All lines from the one with "Art Deco Inspired" through the last line of the data below should be copied exactly; please add nothing.

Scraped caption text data
**********
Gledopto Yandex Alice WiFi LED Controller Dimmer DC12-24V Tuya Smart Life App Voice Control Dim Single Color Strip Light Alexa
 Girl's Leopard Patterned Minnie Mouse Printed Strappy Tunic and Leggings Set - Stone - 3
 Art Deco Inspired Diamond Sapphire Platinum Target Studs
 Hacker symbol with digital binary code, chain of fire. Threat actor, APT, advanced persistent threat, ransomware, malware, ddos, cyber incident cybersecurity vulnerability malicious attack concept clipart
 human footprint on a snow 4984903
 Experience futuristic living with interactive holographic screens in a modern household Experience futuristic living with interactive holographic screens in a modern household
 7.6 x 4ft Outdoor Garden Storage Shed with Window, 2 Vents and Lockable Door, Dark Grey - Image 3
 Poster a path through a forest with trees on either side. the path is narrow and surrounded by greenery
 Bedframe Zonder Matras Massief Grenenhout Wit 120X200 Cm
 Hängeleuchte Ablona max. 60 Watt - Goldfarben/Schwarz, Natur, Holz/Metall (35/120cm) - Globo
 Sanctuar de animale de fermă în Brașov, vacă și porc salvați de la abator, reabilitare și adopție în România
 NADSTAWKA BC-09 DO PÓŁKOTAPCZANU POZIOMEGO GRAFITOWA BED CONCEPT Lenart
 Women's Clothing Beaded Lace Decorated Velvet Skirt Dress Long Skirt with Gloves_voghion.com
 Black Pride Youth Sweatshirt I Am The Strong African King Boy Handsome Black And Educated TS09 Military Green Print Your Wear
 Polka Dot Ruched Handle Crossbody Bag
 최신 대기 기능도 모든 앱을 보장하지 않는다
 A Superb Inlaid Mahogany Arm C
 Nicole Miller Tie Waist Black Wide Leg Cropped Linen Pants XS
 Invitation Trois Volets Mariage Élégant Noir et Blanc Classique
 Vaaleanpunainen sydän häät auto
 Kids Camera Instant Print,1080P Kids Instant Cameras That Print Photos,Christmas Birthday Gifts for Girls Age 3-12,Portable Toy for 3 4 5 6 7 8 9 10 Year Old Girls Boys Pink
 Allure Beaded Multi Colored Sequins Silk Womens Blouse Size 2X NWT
**********
COMPLETED EXERCISE -
 Art Deco Inspired Diamond Sapphire Platinum Target Studs
 Hacker symbol with digital binary code, chain of fire. Threat actor, APT, advanced persistent threat, ransomware, malware, ddos, cyber incident cybersecurity vulnerability malicious attack concept clipart
 human footprint on a snow 4984903
 Experience futuristic living with interactive holographic screens in a modern household Experience futuristic living with interactive holographic screens in a modern household
 7.6 x 4ft Outdoor Garden Storage Shed with Window, 2 Vents and Lockable Door, Dark Grey - Image 3
 Poster a path through a forest with trees on either side. the path is narrow and surrounded by greenery
 Bedframe Zonder Matras Massief Grenenhout Wit 120X200 Cm
 Hängeleuchte Ablona max. 60 Watt - Goldfarben/Schwarz, Natur, Holz/Metall (35/120cm) - Globo
 Sanctuar de animale de fermă în Brașov, vacă și porc salvați de la abator, reabilitare și adopție în România
 NADSTAWKA BC-09 DO PÓŁKOTAPCZANU POZIOMEGO GRAFITOWA BED CONCEPT Lenart
 Women's Clothing Beaded Lace Decorated Velvet Skirt Dress Long Skirt with Gloves_voghion.com
 Black Pride Youth Sweatshirt I Am The Strong African King Boy Handsome Black And Educated TS09 Military Green Print Your Wear
 Polka Dot Ruched Handle Crossbody Bag
 최신 대기 기능도 모든 앱을 보장하지 않는다
 A Superb Inlaid Mahogany Arm C
 Nicole Miller Tie Waist Black Wide Leg Cropped Linen Pants XS
 Invitation Trois Volets Mariage Élégant Noir et Blanc Classique
 Vaaleanpunainen sydän häät auto
 Kids Camera Instant Print,1080P Kids Instant Cameras That Print Photos,Christmas Birthday Gifts for Girls Age 3-12,Portable Toy for 3 4 5 6 7 8 9 10 Year Old Girls Boys Pink
 Allure Beaded Multi Colored Sequins Silk Womens Blouse Size 2X NWT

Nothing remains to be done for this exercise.